Mark Cavendish filled one of the very few gaps on his palmarès when he showed a clean pair of heels to his rivals on the final straight at Utah Beach to claim his 27th stage victory at the Tour de France and with it his first yellow jersey.
"I’m so happy. I really wanted to win here today," Cavendish said. "The lads were incredble. Edvald [Boasson Hagen] did the most incredible turn at the end. He rode out of skin today. I’m so happy to do this for Dimension Data today. There’s no better way to highlight the Quebeka charity.
"It's quite emotional.
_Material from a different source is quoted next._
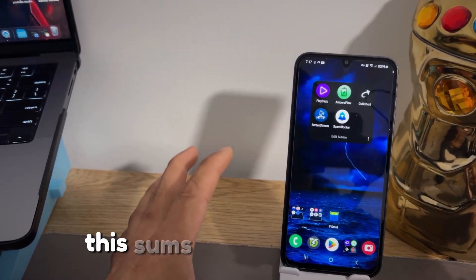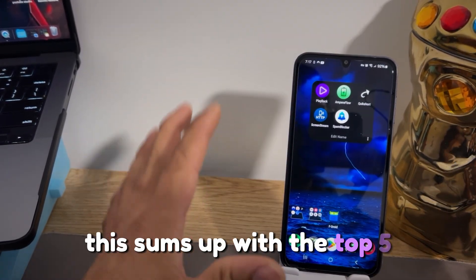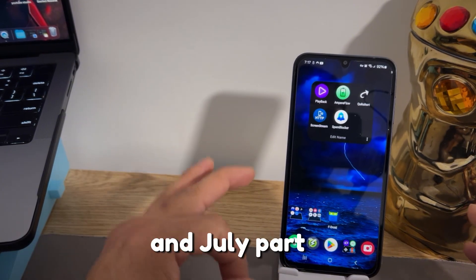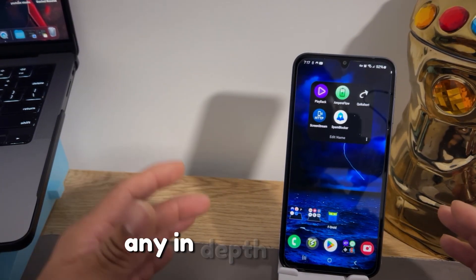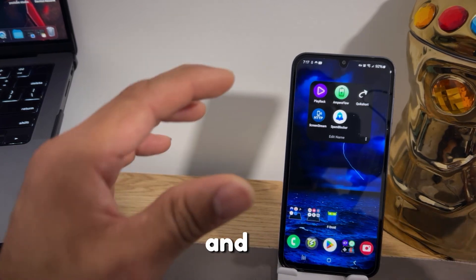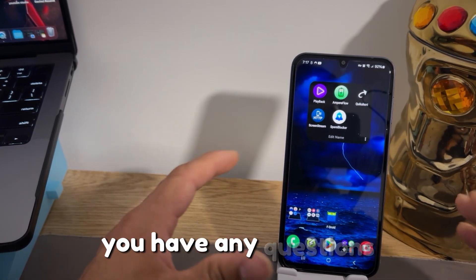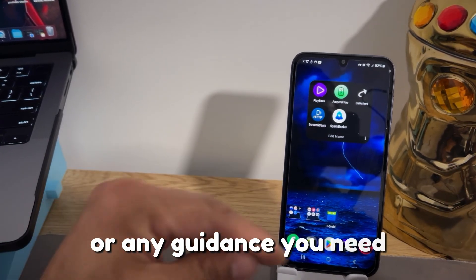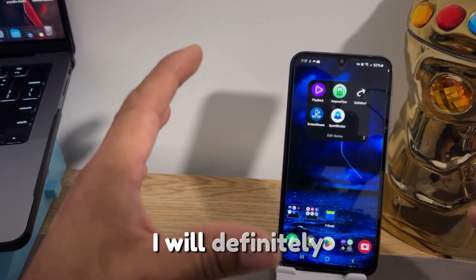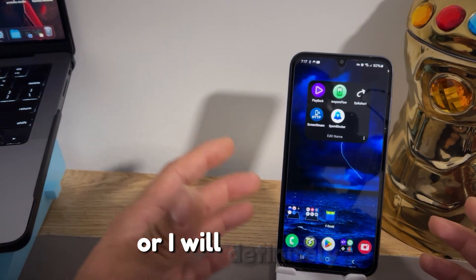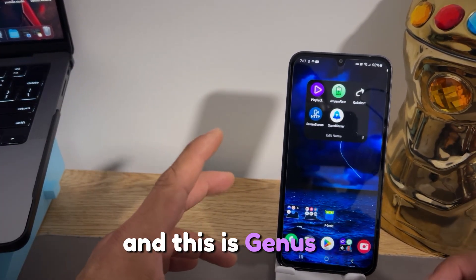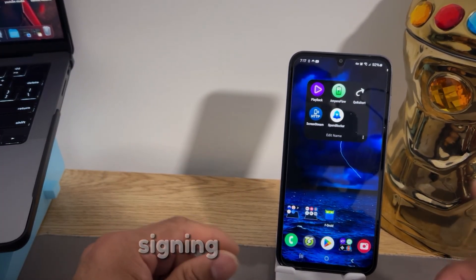That sums up the top five must-have Android apps for 2024 July, part three. If you want an in-depth review of any of these apps, comment below and I'll do that. If you have any questions or need any guidance, comment below and I'll definitely respond to your messages. This is Ginosac6 signing out — peace.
This is the only jersey in cycling I’ve not worn. I’ve had all three points jerseys, the worlds jerseys and the leaders jerseys in the Giro and the Vuelta and now this. I just wanted to win the stage and to wear this jersey is an honour. I’ve built my whole career on this race."
Well protected by his Dimension Data teammates coming into the final kilometre, where a strong crosswind was a complicating factor, Cavendish jumped onto Peter Sagan's wheel when Tinkoff's world champion accelerated from 200 metres out. As the heavily tipped Marcel Kittel (Etixx-QuickStep) began to come through on Sagan's left, Cavendish went on the Slovak's right and arrowed clear of his rivals, crossing the line two bike lengths ahead of Kittel, with Sagan third and Lotto-Soudal's André Greipel in fourth.
The success, which was Cavendish's first major objective for the season before he targets an Olympic medal in Rio de Janeiro and a second world road title in Qatar in October, was also the first time the Manxman had beaten Kittel in a head-to-head sprint and he could have chosen no better moment to put an end to that hoodoo as well as to suggestions that he's past his best.
As is always the case, the Tour's opening stage was a nervy affair in parts and saw several riders hit the deck. The most notable was two-time champion Alberto Contador, who went down hard after BMC's Brent Bookwalter lost control coming out of a roundabout at high speed, the impact also taking down Sky's Luke Rowe. Although the Spaniard suffered cuts and grazes to his back and right shoulder, he remounted quickly and finished in the pack led in by Cavendish.